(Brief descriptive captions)
::::::::::

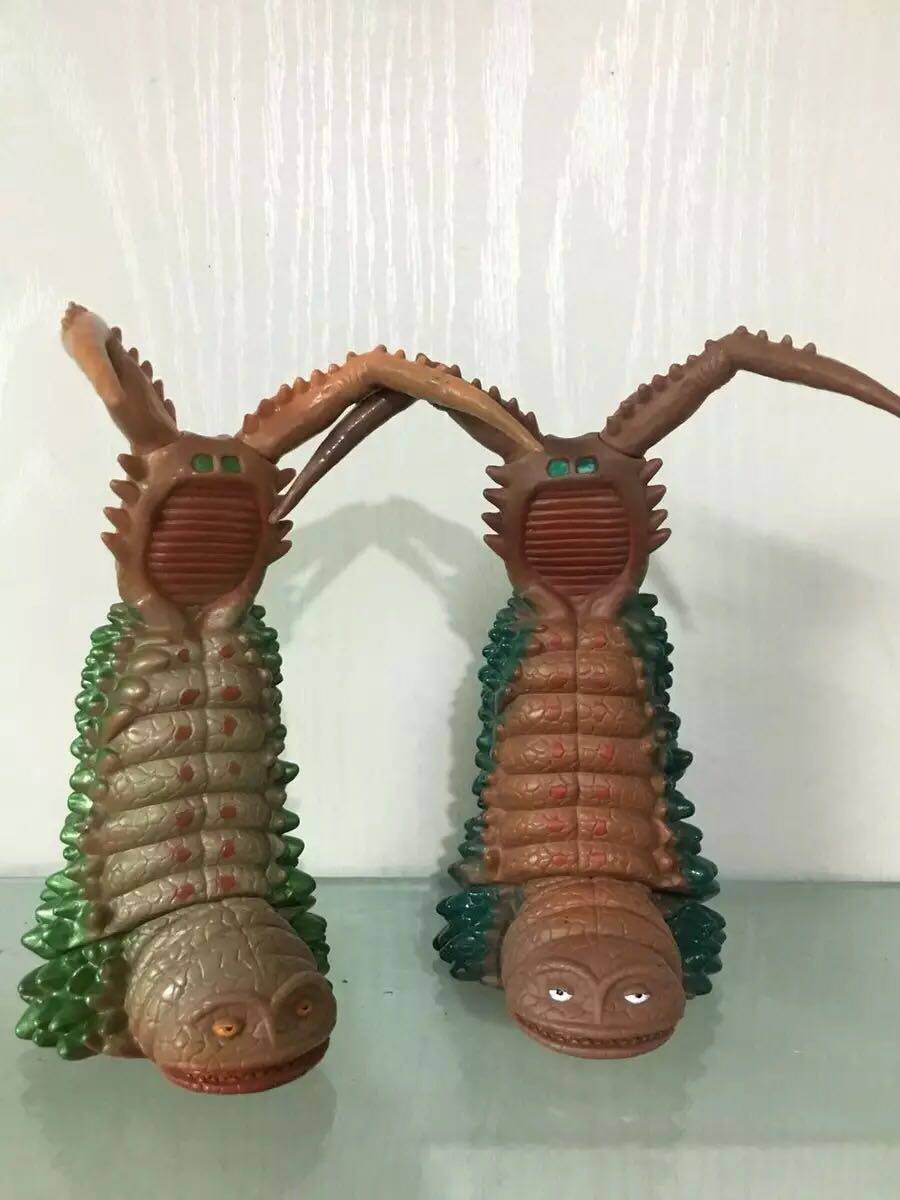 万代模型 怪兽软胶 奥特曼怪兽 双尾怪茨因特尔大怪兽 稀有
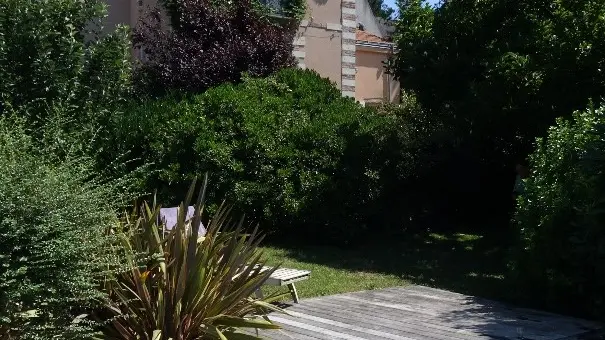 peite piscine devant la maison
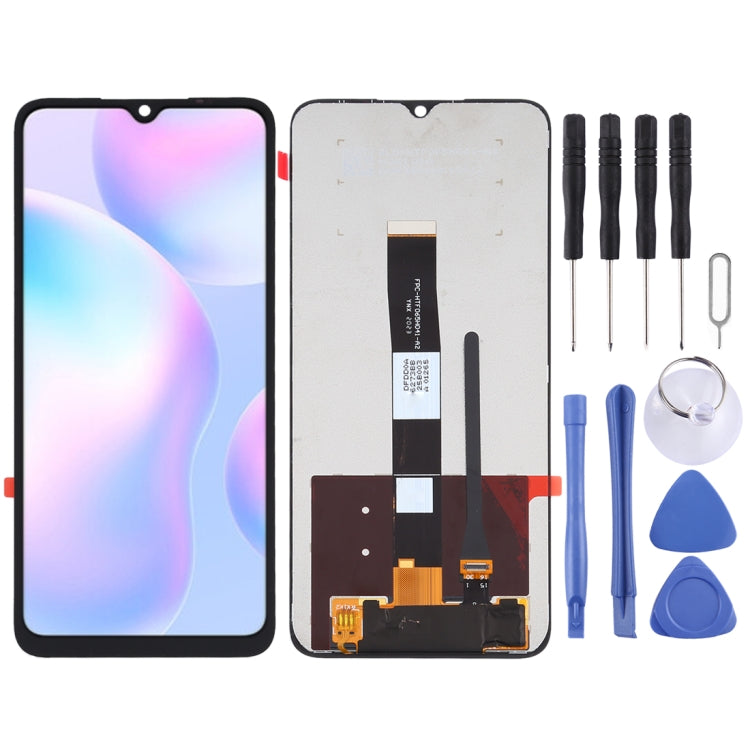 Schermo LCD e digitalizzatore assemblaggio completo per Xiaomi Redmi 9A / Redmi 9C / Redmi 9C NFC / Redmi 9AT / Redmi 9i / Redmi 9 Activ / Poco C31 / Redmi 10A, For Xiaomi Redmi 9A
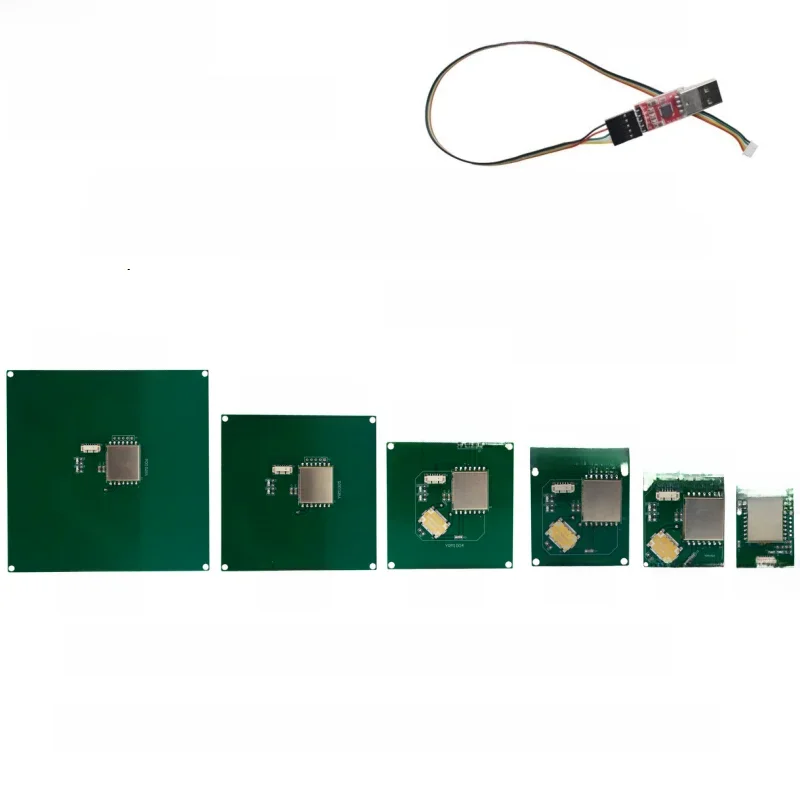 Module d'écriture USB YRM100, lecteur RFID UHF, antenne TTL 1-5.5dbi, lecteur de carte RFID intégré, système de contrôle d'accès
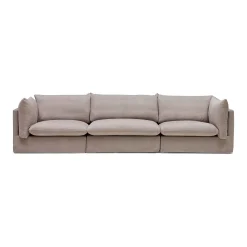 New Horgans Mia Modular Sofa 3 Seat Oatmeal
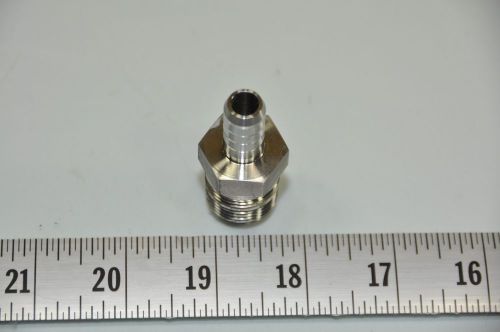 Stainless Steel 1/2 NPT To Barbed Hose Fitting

::::::::::

# Task
A faithful copy of every record is required, with no pictures included.

# Answer for this exercise
 万代模型 怪兽软胶 奥特曼怪兽 双尾怪茨因特尔大怪兽 稀有
 peite piscine devant la maison
 Schermo LCD e digitalizzatore assemblaggio completo per Xiaomi Redmi 9A / Redmi 9C / Redmi 9C NFC / Redmi 9AT / Redmi 9i / Redmi 9 Activ / Poco C31 / Redmi 10A, For Xiaomi Redmi 9A
 Module d'écriture USB YRM100, lecteur RFID UHF, antenne TTL 1-5.5dbi, lecteur de carte RFID intégré, système de contrôle d'accès
 New Horgans Mia Modular Sofa 3 Seat Oatmeal
 Stainless Steel 1/2 NPT To Barbed Hose Fitting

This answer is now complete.